Return migration and a slow comeback for education
During the civil war, 6.1 million Syrians fled from the Assad regime according to a December 2024 UNHCR report, while as of 2025, 7.4 million remain internally displaced. Furthermore, the fall of the regime in December 2024, marks a qualitative shift: hundreds of thousands to a million of Syrians have returned to Syria since December 2024. According to UNHCR’s Flash Update from November 8th, 2025, 1.2 million Syrians have returned from outside the country since December 2024, mostly from Turkiye, Lebanon and Jordan, while over 1.9 million internally displaced Syrians have returned to their “places of origin or intended return.” The main cities of return were Aleppo, Damascus, rural Damascus, and Idlib.
In another report conducted by UNHCR summarizing refugee movements in June 2025, records that there have been new arrivals from Syria to Lebanon, indicating there has been waves of migration in both directions, in part due to the waves of violence including the March 2025 Latakia massacres of Syrian Alawites.

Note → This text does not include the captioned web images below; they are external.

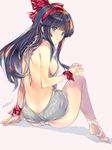  arm_support ass backless_dress backless_outfit bangs bare_back black_hair blue_eyes bow breasts butt_crack dress from_behind full_body gloves hair_bow hairband halterneck long_hair looking_at_viewer medium_breasts meme_attire min-naraken naked_sweater nakoruru one-piece_swimsuit parted_lips red_bow ribbed_sweater samurai_spirits sideboob sitting solo sweater sweater_dress swimsuit the_king_of_fighters the_king_of_fighters_xiv thighs turtleneck turtleneck_sweater virgin_killer_sweater 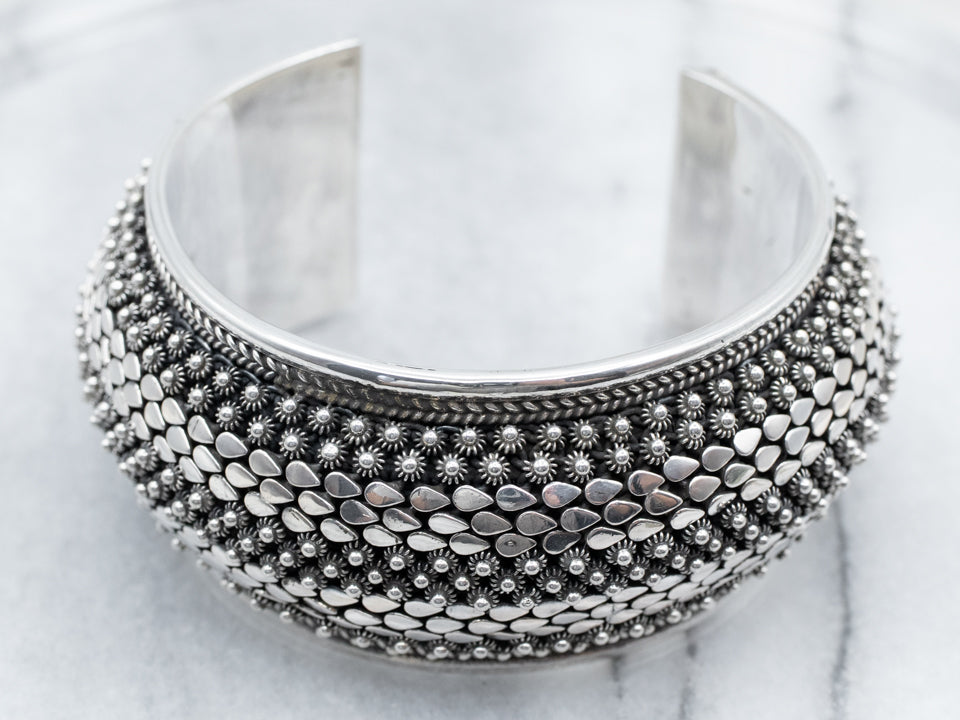 Sterling Silver Balinese Studded Cuff Bracelet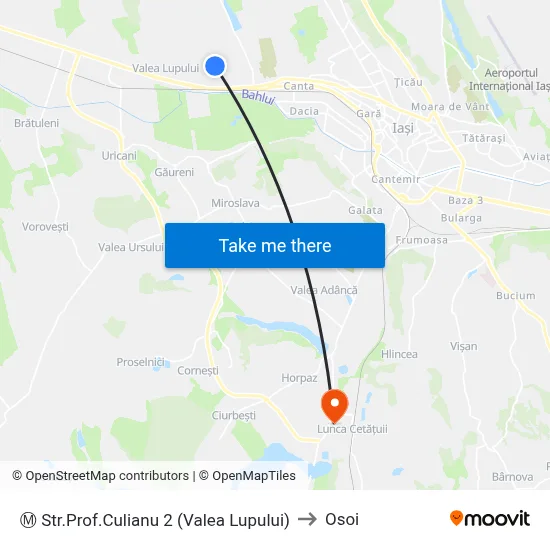 Ⓜ Str.Prof.Culianu 2 (Valea Lupului) to Osoi map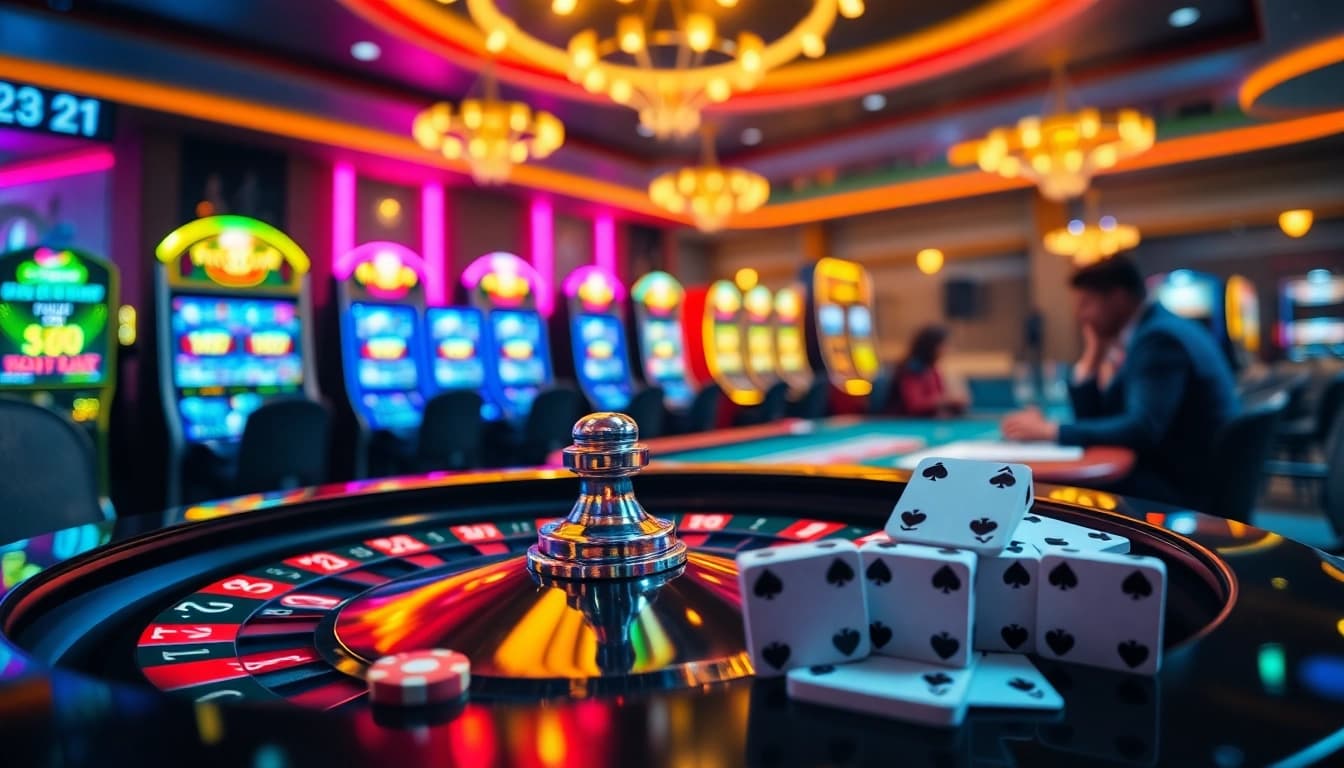 Engaging players at the 33win 33win1 casino table with colorful chips and cards.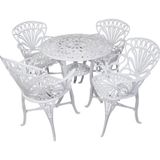 Conjunto De Jardim Modelo Primavera Mesa E 4 Cadeiras Branco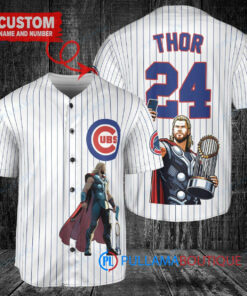 Chicago Cubs x Thor Marvel with Trophy Custom Baseball Jersey White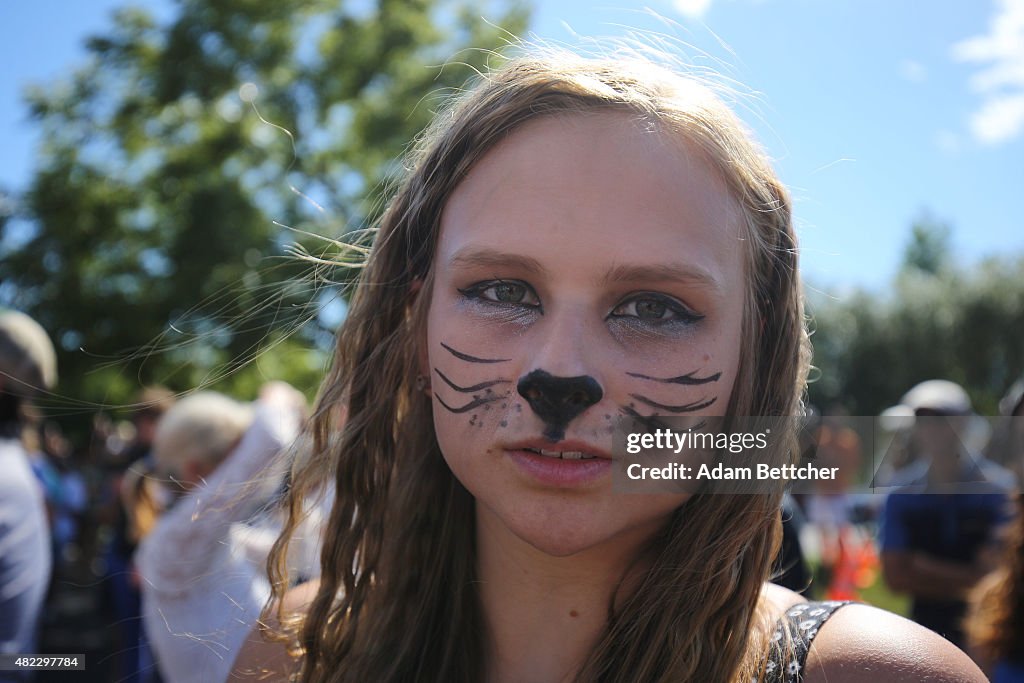 Memorial And Protest Held At Office Of Minnesota Dentist That Killed Famed Lion In Zimbabwe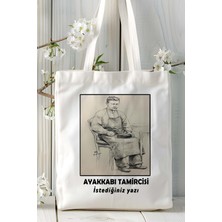 Ayakkabı Tamircisi Baskılı Bez Omuz Çantası Kişiye Özel Model 6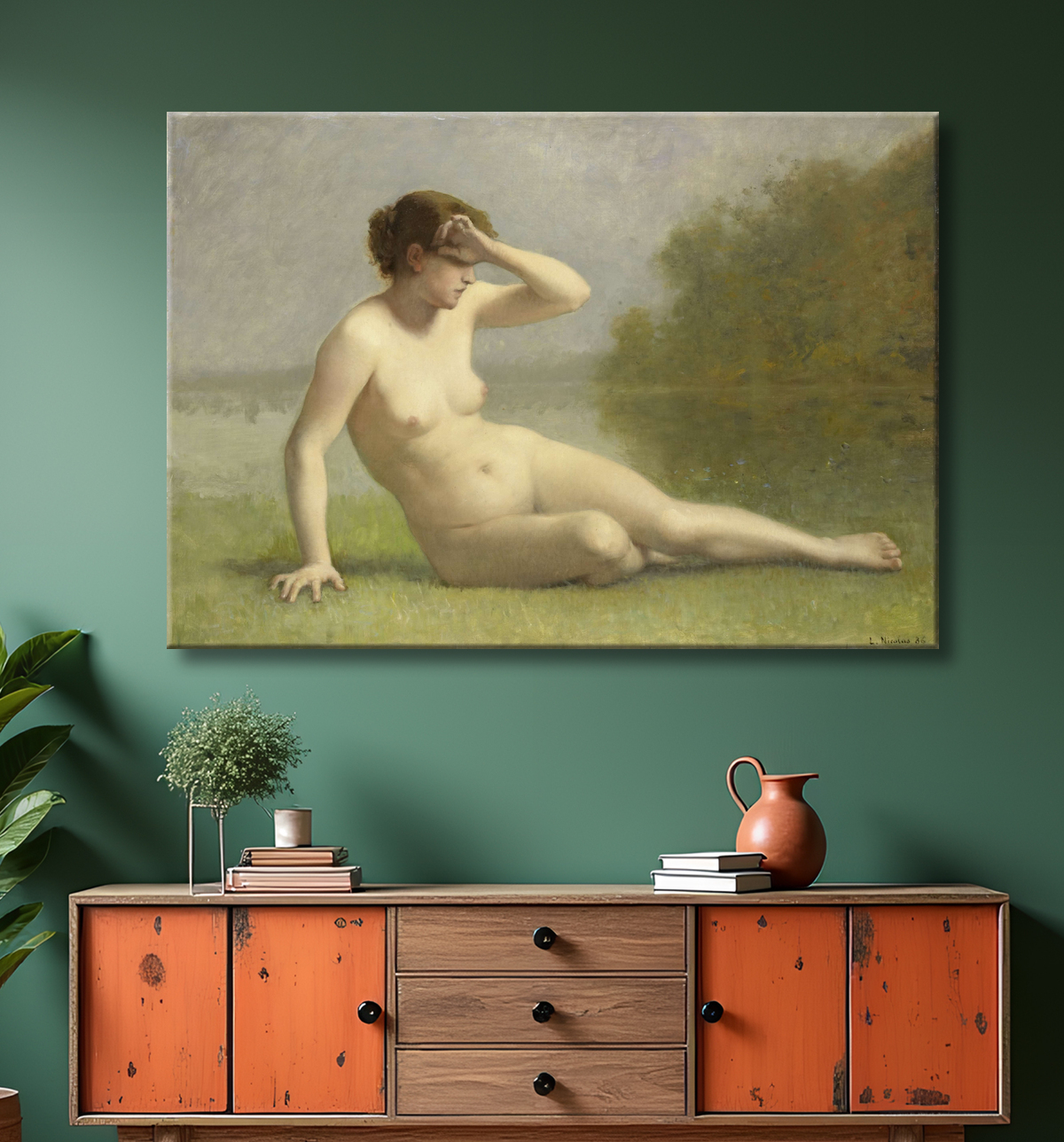 Reproduction Nymphe de L. Nicolas avec decor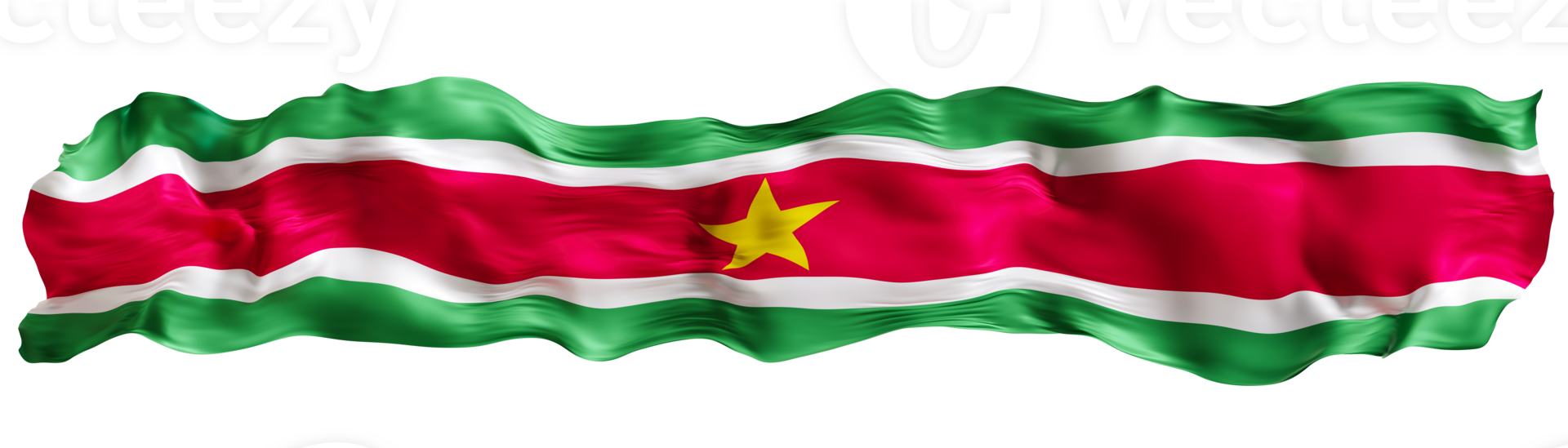 Stylized flag of Suriname waving in the wind on transparent background. Footer, header or divider. Cut out wide, panoramic element. Banner for patriotic themes or national event promotions. 3D. png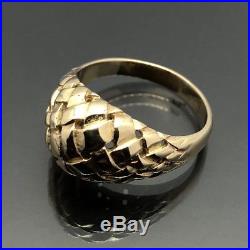 Rare Retired James Avery 14K Yellow Gold Weave Woven Dome Ring Size 7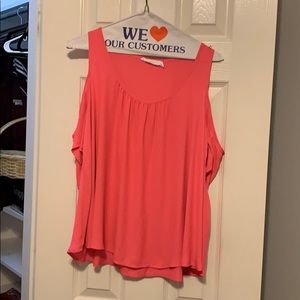 Cold shoulder hot pink top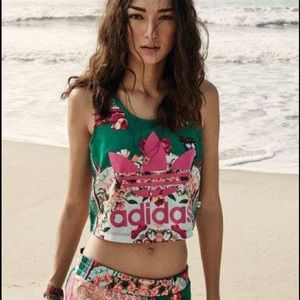 ❌SOLD❌ EUC Adidas FARM Floral Sleeveless Crop Top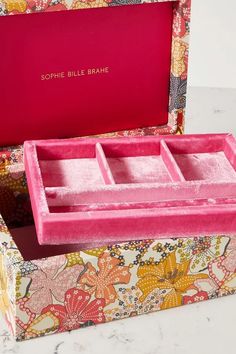 Sophie Bille Brahe Trésor Grande Hawaii Floral-print Voile And Velvet Jewelry Box - Pink | Editorialist Hawaii Jewelry, Large Jewelry Box, Sophie Bille Brahe, Velvet Jewelry, Large Jewelry, Jewel Box, Jewellery Storage, Liberty Fabric, Pink Velvet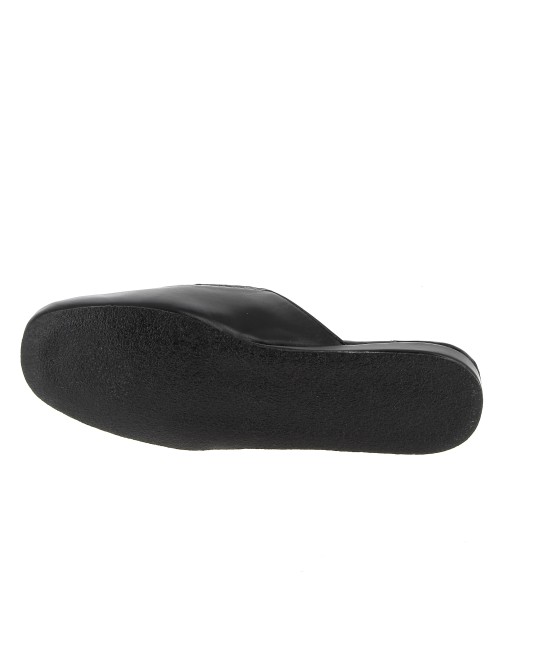 Chaussons mule en cuir Heller grande taille noir spéciales pieds larges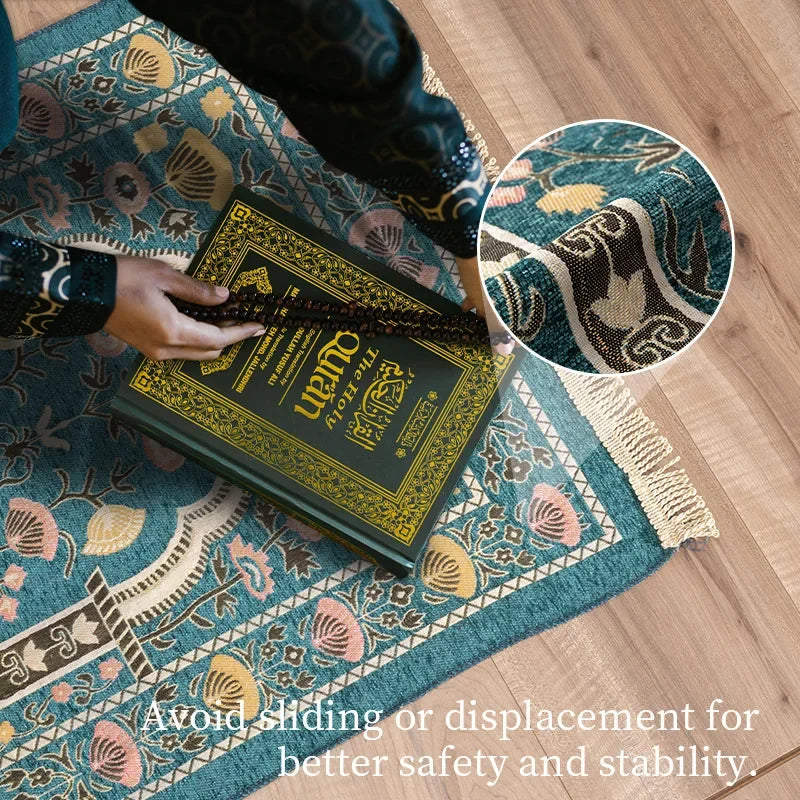 Machine Washable Floral Persian Prayer Mat With Non Slip Backing 1005006559432374-S007-Coffee color
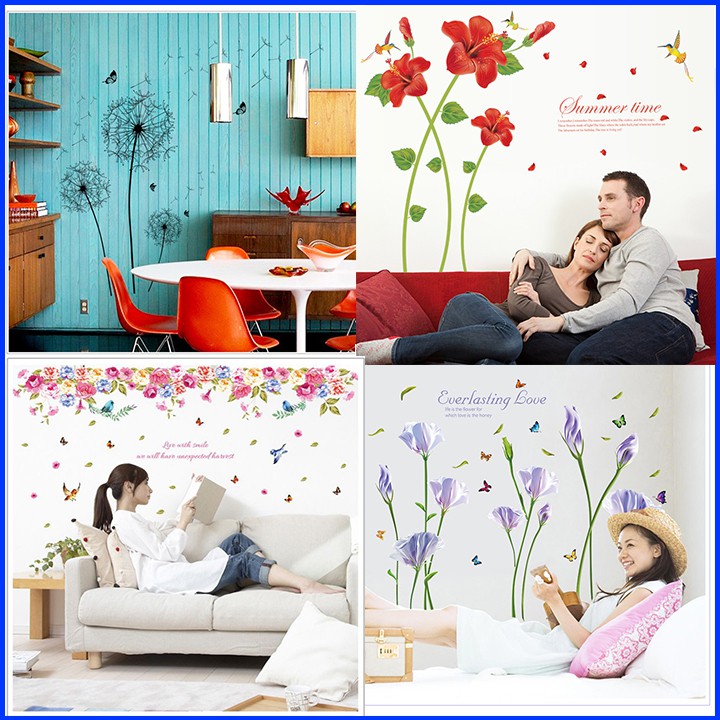 COMBO 4 bộ decal dán tường Hoa dán trang trí phòng khách - phòng ngủ (inbox shop chọn mẫu)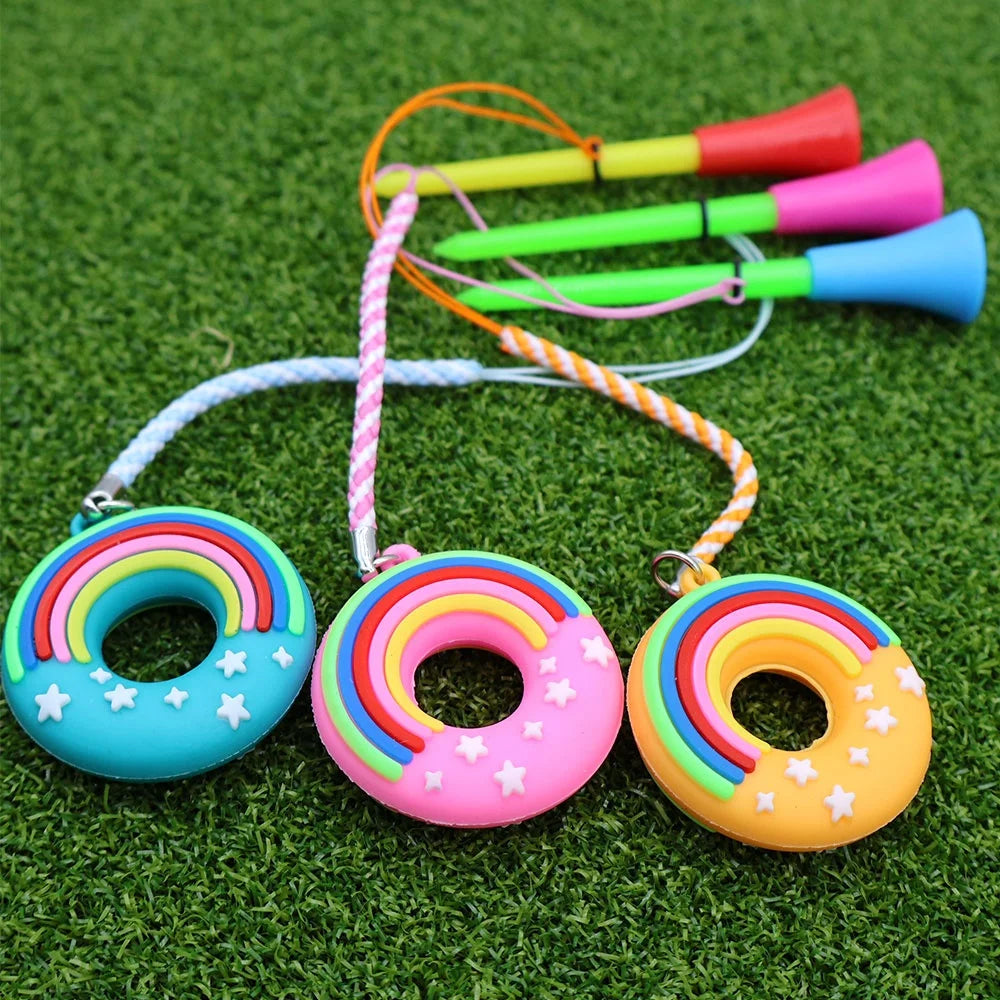 Wholesale 83MM Cute Rubber Doll Golf Tees Set Anti-Lost String with Funny Rubber Golf Tees /Golf Gift for Women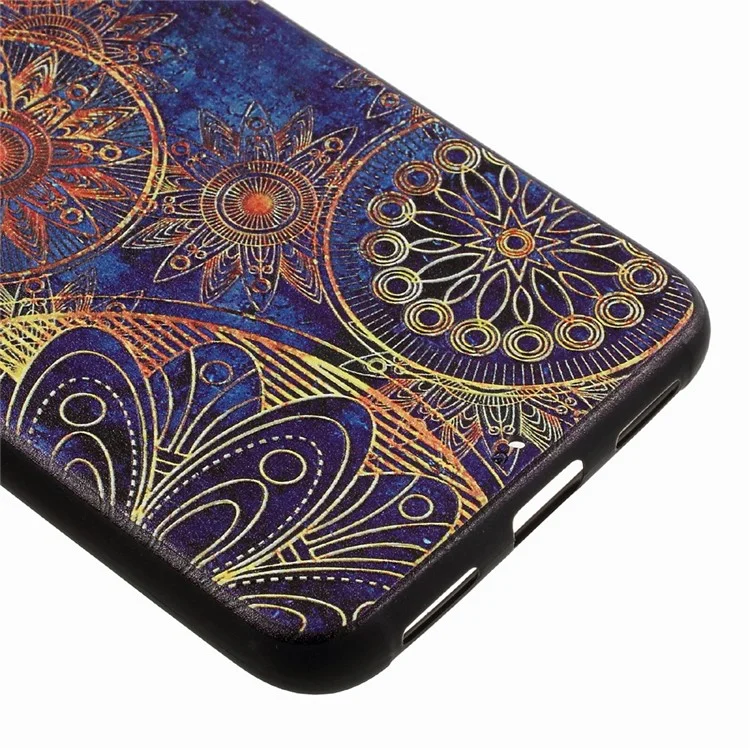 Back TPU Skin Embossed Soft Cover for Huawei P8 Lite (2017) / Honor 8 Lite - Mandala Flowers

Reintegration of returning refugees and exiles is a humongous task that is crucial for the infusion of new skills and vigor into the Syrian economy. The bigger challenge, however, is reengineering and developing educational infrastructures and institutions. In 2025, Syria’s education sector is straining under the compounded weight of infrastructure loss, displacement, and chronic underinvestment. An estimated 4.2 million students returned to classrooms for the 2025–2026 school year, according to reporting on nationwide enrollment trends, yet this recovery masks the scale of structural damage.
Of roughly 19,400 schools that existed before the war, around 7,900 remain partially or completely destroyed, leaving nearly 40 percent of educational facilities unusable. UNICEF estimates that 2.4 million school-age children are still out of school, a figure that underscores the depth of the learning crisis. Despite these gaps, UN agencies have expanded emergency education responses: UNICEF reports supporting 458,000 children in 2025 through formal schooling, accelerated learning, early childhood programs, and catch-up initiatives, while UNESCO training programs have reached more than 600 teachers and school leaders to improve school safety and inclusivity. The result is a sector showing signs of reactivation but still defined by uneven access, inadequate infrastructure, and heavy dependence on international support.
185,000 square kilometers of guarded optimism
Syria’s new chapter is unfolding under extraordinary strain. The fall of the Assad regime created openings for investment, reconstruction, and a reshaping of state institutions, yet these opportunities are repeatedly undercut by persistent external attacks and repeated internal clashes, fragmented governance, and the enduring weight of economic collapse. First-year achievements of the new Damascene government include diplomatic breakthroughs with Arab partner countries, Europe, and the US. First-year cooperation and investment agreements, however, will have to prove their resilience to unfavorable terms of public-private partnerships and multi-decade operator concessions, not to mention the exorbitant challenge of activating international investment and financial lifelines. Whether Syria can shift from survival to genuine reconstruction depends not only on political stabilization and sustained external support, but on its ability to rebuild public trust, restore basic services, and integrate millions of displaced Syrians back into an economy that has been hollowed out for more than a decade.